By 1750, the Colosseum had been so depleted that only two fifths of the original external surface remained. It was the papacy that rescued the edifice from complete destruction. Declaring the skeletal structure a martyrium, Pope Benedict XIV forbade any further quarrying of the building and dedicated it to the Stations of the Cross. Pius VII then restored the building in 1805.

As of 1757, numerous confraternities had nestled into the nooks and crannies of the ancient building. Edward Gibbon heard the songs and prayers while writing his "Decline and Fall of the Roman Empire." St. Benedict Joseph Labre was one of the many who took shelter in the ancient amphitheatre and prayed for the souls of those who had died there.

Numerous crosses inscribed on the walls attest to this transformation of the Colosseum to a place of prayer and meditations on the sufferings of Christ for our salvation, as well as those of his followers who bore supreme witness to him. The practice of the Stations of the Cross was stopped with the unification of Italy when the confraternities were expelled from the site.

Pope John Paul II restored this practice upon his election to the papacy in 1978, and the tradition has become one of the most moving events of Holy Week.

In the great antagonistic spirit of the arena, a few die-hard pagan guides struggled to subdue the Christian enthusiasm. With studied expressions of scholarly seriousness, they dismissed the tradition of any Christian having been martyred in the arena.

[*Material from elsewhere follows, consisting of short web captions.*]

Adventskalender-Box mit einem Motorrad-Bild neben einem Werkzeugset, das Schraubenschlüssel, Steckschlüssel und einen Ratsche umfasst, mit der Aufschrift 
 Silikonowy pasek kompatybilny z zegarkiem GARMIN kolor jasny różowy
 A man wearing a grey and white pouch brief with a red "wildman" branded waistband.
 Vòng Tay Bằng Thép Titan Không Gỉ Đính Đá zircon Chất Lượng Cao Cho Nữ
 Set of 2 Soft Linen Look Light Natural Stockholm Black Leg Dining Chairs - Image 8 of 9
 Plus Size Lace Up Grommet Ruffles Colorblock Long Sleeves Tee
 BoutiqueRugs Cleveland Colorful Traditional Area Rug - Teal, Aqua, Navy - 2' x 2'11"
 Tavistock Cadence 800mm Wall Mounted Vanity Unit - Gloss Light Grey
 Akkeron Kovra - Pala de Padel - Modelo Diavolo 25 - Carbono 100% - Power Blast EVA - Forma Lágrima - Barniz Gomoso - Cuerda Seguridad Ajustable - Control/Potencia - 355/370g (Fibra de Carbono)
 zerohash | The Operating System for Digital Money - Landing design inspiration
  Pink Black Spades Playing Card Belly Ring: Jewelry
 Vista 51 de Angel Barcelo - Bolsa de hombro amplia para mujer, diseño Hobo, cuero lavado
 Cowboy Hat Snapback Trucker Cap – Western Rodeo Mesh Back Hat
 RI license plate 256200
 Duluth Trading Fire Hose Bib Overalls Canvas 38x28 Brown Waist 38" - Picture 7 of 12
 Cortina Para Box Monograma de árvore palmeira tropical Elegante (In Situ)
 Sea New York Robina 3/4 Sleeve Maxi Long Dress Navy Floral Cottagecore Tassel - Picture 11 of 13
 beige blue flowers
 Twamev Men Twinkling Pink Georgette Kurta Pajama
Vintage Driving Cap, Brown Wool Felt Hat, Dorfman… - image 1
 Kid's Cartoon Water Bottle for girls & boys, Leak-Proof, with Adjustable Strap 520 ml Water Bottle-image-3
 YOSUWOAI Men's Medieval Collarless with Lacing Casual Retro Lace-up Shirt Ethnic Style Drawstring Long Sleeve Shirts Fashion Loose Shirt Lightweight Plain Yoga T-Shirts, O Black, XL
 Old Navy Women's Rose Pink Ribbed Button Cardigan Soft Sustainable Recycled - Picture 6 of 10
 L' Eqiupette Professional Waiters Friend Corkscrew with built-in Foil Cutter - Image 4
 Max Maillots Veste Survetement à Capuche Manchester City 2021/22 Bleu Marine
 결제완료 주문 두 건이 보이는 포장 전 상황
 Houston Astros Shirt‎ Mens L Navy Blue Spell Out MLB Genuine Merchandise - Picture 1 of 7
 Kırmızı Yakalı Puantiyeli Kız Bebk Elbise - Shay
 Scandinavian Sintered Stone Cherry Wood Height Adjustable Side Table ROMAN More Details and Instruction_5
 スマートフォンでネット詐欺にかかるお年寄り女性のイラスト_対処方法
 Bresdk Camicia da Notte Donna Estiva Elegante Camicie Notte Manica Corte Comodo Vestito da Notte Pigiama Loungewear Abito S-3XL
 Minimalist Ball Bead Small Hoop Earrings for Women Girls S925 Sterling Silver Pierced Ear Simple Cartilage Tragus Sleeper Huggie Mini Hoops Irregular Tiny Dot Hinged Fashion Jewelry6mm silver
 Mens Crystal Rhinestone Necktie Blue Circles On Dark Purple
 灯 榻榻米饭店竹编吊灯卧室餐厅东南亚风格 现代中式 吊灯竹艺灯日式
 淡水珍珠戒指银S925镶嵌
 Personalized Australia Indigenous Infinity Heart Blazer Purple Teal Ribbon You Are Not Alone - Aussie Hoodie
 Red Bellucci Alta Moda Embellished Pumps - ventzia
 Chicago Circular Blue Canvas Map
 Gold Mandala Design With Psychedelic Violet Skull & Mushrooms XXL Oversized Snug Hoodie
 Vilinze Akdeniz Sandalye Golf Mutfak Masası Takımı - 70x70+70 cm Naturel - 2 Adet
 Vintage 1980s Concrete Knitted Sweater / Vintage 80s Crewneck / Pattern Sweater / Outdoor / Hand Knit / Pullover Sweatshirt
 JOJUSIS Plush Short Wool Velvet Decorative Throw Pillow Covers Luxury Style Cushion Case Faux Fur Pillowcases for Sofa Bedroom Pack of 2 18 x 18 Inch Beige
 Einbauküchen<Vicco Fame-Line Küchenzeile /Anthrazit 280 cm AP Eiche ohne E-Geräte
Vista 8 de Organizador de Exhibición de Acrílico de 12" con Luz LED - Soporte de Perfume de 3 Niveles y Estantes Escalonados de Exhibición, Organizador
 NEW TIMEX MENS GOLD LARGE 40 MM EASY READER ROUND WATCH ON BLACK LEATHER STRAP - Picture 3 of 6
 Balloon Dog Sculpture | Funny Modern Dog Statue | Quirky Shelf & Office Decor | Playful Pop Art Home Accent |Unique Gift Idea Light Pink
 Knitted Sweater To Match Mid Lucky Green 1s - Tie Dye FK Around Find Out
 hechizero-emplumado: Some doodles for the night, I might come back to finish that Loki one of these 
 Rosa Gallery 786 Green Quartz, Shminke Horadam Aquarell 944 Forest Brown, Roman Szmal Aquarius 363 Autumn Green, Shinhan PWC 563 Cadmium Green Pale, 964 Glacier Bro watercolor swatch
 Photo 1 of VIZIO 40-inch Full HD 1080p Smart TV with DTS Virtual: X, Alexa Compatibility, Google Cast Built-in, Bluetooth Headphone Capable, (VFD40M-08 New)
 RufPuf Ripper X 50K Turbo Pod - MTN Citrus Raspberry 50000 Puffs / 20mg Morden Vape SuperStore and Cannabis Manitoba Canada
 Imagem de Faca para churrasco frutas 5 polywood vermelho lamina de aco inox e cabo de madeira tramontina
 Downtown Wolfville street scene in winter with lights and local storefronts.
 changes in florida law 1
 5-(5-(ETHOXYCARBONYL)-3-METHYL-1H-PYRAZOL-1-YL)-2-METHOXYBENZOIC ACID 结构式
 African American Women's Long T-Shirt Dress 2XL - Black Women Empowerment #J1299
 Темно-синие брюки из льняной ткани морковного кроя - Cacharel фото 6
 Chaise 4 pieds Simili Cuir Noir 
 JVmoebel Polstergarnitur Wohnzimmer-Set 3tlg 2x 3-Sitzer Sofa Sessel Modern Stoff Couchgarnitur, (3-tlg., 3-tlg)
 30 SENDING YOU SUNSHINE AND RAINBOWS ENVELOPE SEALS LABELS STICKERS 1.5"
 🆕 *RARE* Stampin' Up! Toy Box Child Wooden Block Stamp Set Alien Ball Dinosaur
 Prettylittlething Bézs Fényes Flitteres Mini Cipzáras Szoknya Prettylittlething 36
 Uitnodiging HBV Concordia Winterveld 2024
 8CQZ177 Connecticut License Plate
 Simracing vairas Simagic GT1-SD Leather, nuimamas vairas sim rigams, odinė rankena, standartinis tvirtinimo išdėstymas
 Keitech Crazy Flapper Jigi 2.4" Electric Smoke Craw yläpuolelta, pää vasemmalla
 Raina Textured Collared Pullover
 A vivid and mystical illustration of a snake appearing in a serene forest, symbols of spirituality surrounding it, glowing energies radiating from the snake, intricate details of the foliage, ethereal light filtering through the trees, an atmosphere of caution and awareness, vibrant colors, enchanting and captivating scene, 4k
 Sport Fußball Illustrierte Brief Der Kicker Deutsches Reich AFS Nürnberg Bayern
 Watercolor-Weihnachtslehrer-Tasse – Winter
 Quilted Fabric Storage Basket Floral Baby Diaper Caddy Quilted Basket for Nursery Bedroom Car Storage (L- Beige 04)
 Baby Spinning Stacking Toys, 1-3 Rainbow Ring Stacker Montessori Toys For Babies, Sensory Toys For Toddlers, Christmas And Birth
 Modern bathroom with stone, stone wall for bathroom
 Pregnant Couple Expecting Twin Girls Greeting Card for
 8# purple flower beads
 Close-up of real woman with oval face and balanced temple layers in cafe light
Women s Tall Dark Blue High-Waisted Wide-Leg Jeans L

It is doubtful that they can cite the source for that statement, but it dates to the early 20th century and the works of Jesuit Father Hippolyte Delehaye. The priest noted that no martyrology placed a Christian death in the amphitheater, nor did medieval guidebooks assign a special place to the Colosseum among the marvels of Rome. Therefore, he concluded, no one cannot say with certainty that any Christian was killed on the site.

Father Delehaye has become a poster child for many anti-Christian manifestos, championed as having torn away the curtain of lies fabricated by the Church. But these interpretations fail to note that Father Delehaye himself recognizes that Christians may well have died in the arena; we just don’t have their names and their stories.

So before we signal a “thumbs down” on Colosseum martyrs, let’s remember that early Christian venerated the resting places of the martyrs, not the sites of their deaths. St. Agnes’ death seems to have been an exception to the rule in the Stadium of Domitian, and the murder of St. Peter at the Circus of Nero appears to have been a one-time-only event.

The Colosseum proudly boasted 80 trapdoors in the floor to lift wild animals into the arena, and holding pens for all sorts of feral beasts. It was the principal place for wild animal hunts and executions. Few places seem better equipped to throw Ignatius of Antioch to the lions than the Flavian amphitheater, and no better hypothesis has been put forward.

Furthermore, the memory of the Christian martyrs has brought out the best in the ancient building.

No gladiator ever displayed the same heroism that John Paul II did when in his final days he was forced to watch the procession from his chapel instead participating as he had for 25 years.

At the last station, he took his balsa wood cross and leaning his weary head against it, taught the world what it meant to truly “live” the Stations of the Cross, uniting his suffering to Christ’s.